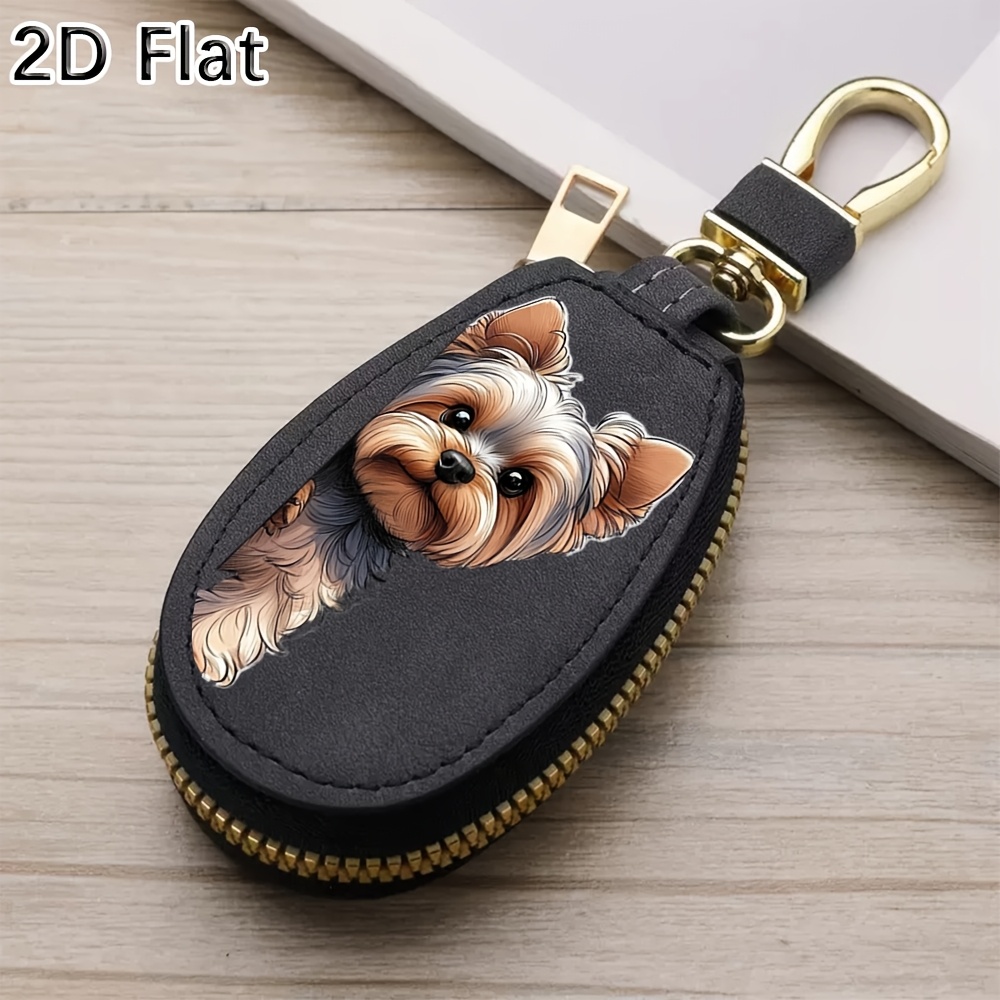 TEMU Étui pour clé de voiture 1 pièce [Plat 2D] avec imprimé chien Yorkshire Terrier, porte-clés organisateur en PU avec fermeture éclair pour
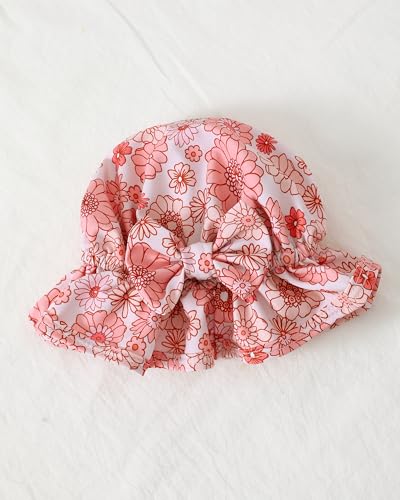 Image of SODLON Baby Girl Swimsuit Long Sleeve One-Piece Infant Bathing Suit 3M-3T | Girls Swim Suit with Hat & Zipper & Headband, Rash Guard Ruffle Swimwear, Toddler UPF 50+ Swimsuits, Baby Beach Essentials
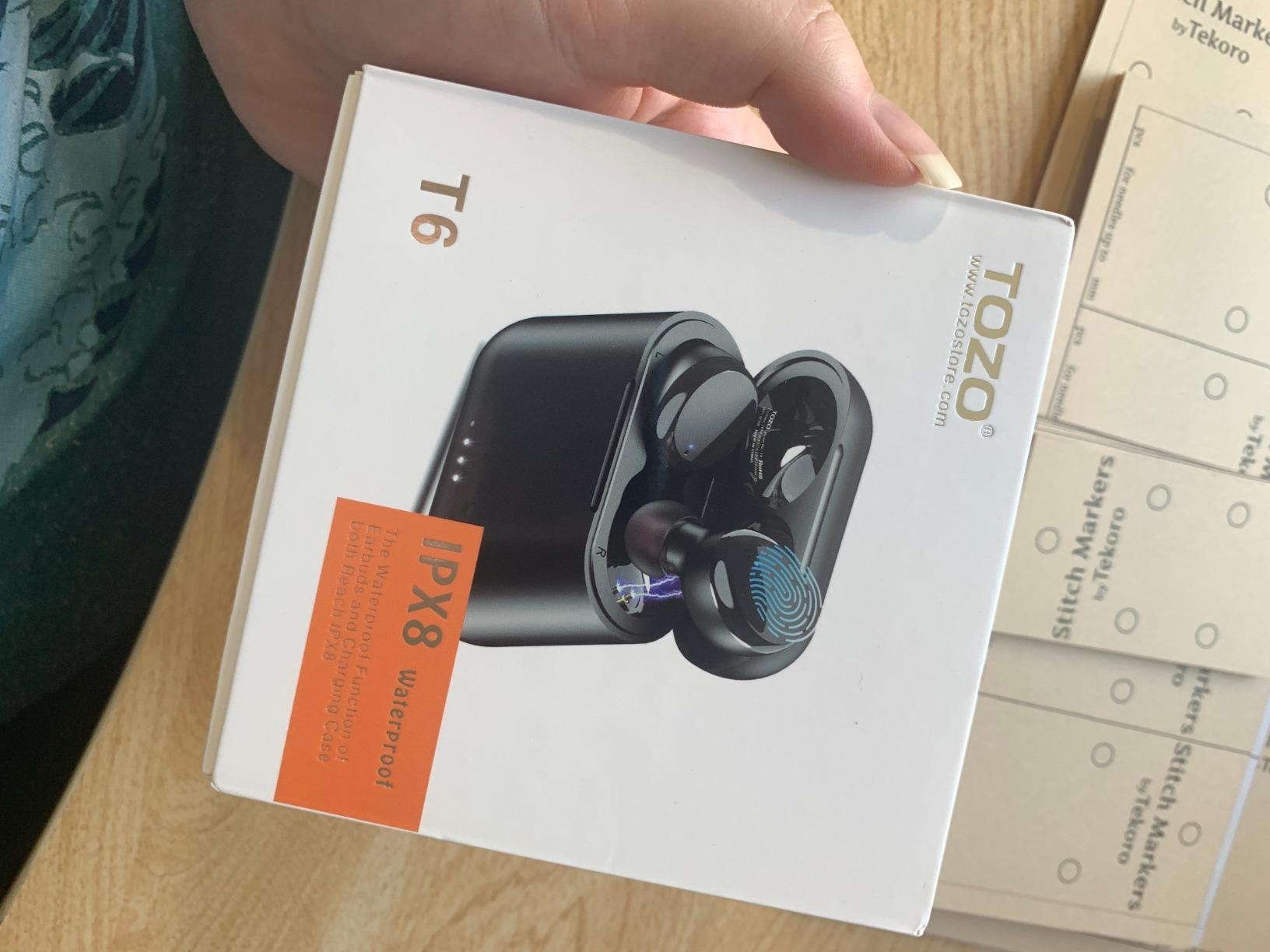 TOZO T6 Wireless Earbuds, Bluetooth Ear Buds, Stereo Sound in Ear Headphones, 50 Hours Playtime, AI Clear Call, Wireless Charging Case, APP Customizable EQs, IPX8 Waterproof customer photo 2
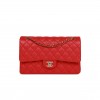 CHANEL MEDIUM CLASSIC DOUBLE FLAP BAG RED CAVIAR LIGHT GOLD HARDWARE (25.5*15.5*6.5cm)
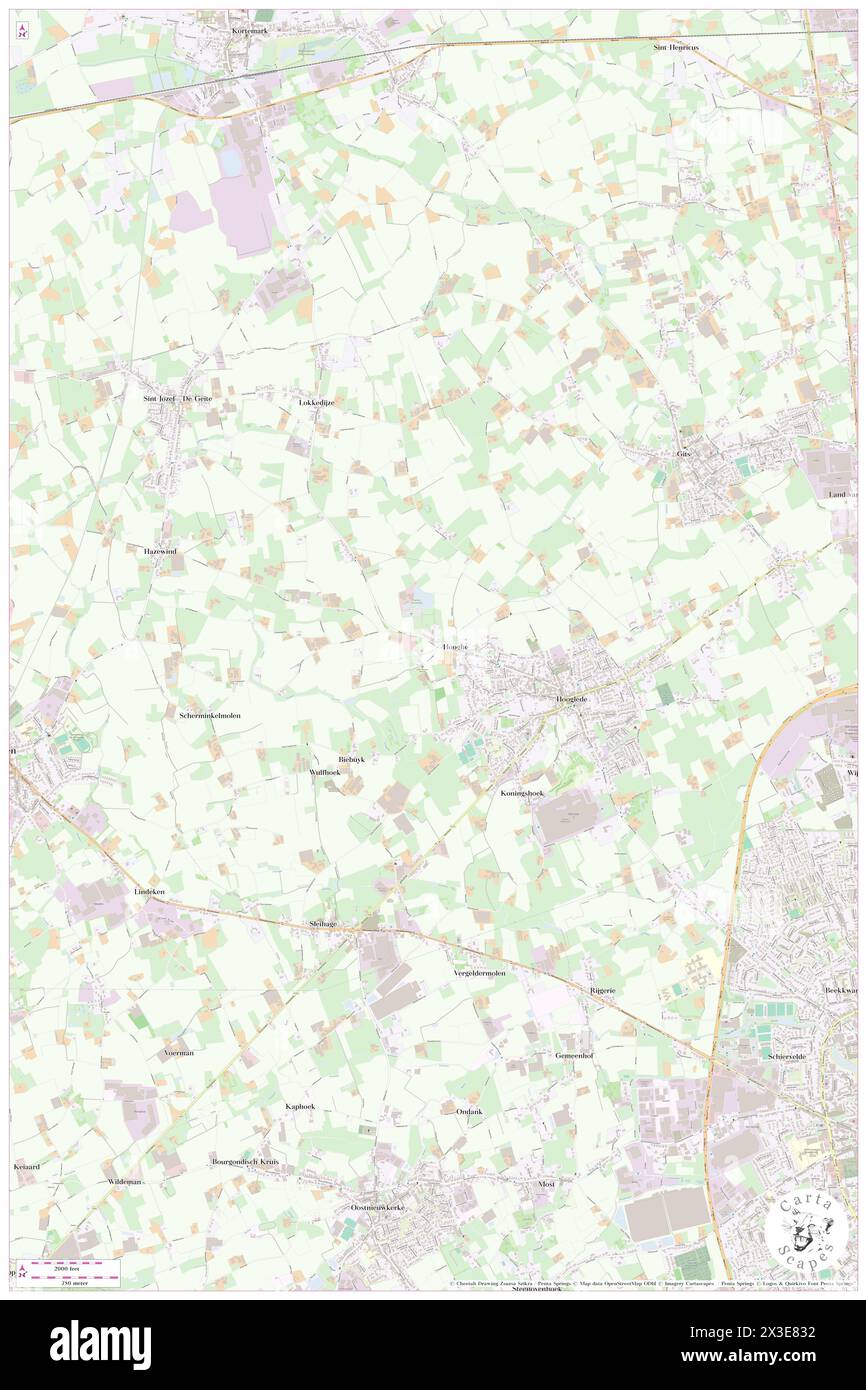 Hooglede, Provincie West-Vlaanderen, BE, Belgium, Flanders, N 50 58' 59'', N 3 4' 59'', map, Cartascapes Map published in 2024. Explore Cartascapes, a map revealing Earth's diverse landscapes, cultures, and ecosystems. Journey through time and space, discovering the interconnectedness of our planet's past, present, and future. Stock Photo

########################################

**About this task:** Leave the pictures out. Output exactly, and only, the lines from the one with "Image of SODLON" through the last line of the listing above, both included.

**Exercise output:**
 Image of SODLON Baby Girl Swimsuit Long Sleeve One-Piece Infant Bathing Suit 3M-3T | Girls Swim Suit with Hat & Zipper & Headband, Rash Guard Ruffle Swimwear, Toddler UPF 50+ Swimsuits, Baby Beach Essentials
 TOZO T6 Wireless Earbuds, Bluetooth Ear Buds, Stereo Sound in Ear Headphones, 50 Hours Playtime, AI Clear Call, Wireless Charging Case, APP Customizable EQs, IPX8 Waterproof customer photo 2
 CHANEL MEDIUM CLASSIC DOUBLE FLAP BAG RED CAVIAR LIGHT GOLD HARDWARE (25.5*15.5*6.5cm)
 Hooglede, Provincie West-Vlaanderen, BE, Belgium, Flanders, N 50 58' 59'', N 3 4' 59'', map, Cartascapes Map published in 2024. Explore Cartascapes, a map revealing Earth's diverse landscapes, cultures, and ecosystems. Journey through time and space, discovering the interconnectedness of our planet's past, present, and future. Stock Photo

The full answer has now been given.